The Navy’s LCS Can Finally Take-on Other Ships (And Maybe Even Win)
Kris Osborn
U.S. Navy, United States
The Navy will soon deploy a new missile aboard its Littoral Combat Ship that can find and destroy enemy ships at distances up to 100 nautical miles.
The Navy will soon deploy a new missile aboard its Littoral Combat Ship that can find and destroy enemy ships at distances up to 100 nautical miles, service officials said.
Called the Naval Strike Missile, or NSM, the weapon is developed by a Norwegian-headquartered firm called Kongsberg; it is currently used on Norwegian Nansen-class frigates and Skjold-Class missile torpedo boats, company officials said.
“The Navy is currently planning to utilize the Foreign Comparative Testing program to procure and install the Norwegian-built Naval Strike Missile on the USS FREEDOM (LCS 1).
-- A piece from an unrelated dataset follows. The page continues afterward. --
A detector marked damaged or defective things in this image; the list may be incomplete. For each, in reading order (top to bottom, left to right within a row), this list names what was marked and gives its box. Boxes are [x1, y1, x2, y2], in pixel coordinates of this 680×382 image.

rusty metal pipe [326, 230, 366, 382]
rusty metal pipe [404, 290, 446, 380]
The objective is to demonstrate operationally-relevant installation, test, and real-world deployment on an LCS,” a Navy spokeswoman from Naval Sea Systems Command told Scout Warrior.
The deployment of the weapon is the next step in the missiles progress. In 2014NSM was successfully test fired from the flight deck of the USS CORONADO (LCS 4) at the Pt. Mugu Range Facility, California, demonstrating a surface-to-surface weapon capability, the Navy official explained.
(This piece first appeared in Scout Warrior here.)
First deployed by the Norwegian Navy in 2012, the missile is engineered to identify ships by ship class, Gary Holst, Senior Director for Naval Surface Warfare, Kongsberg, told Scout Warrior in an interview.
The NSM is fired from a deck-mounted launcher. The weapon uses an infrared imaging seeker, identify targets, has a high degree of maneuverability and flies close to the water in “sea-skim” mode to avoid ship defenses, he added.
“It can determine ships in a group of ships by ship class, locating the ship which is its designated target. It will attack only that target,” Holst said.
Holst added that the NSM was designed from the onset to have a maneuverability sufficient to defeat ships with advanced targets; the missile’s rapid radical maneuvers are built into the weapon in order to defeat what’s called “terminal defense systems,” he said.
“One of the distinguishing features of the missile is its ability to avoid terminal defense systems based on a passive signature, low-observable technologies and maneuverability. It was specifically designed to attack heavily defended targets,” Holst said.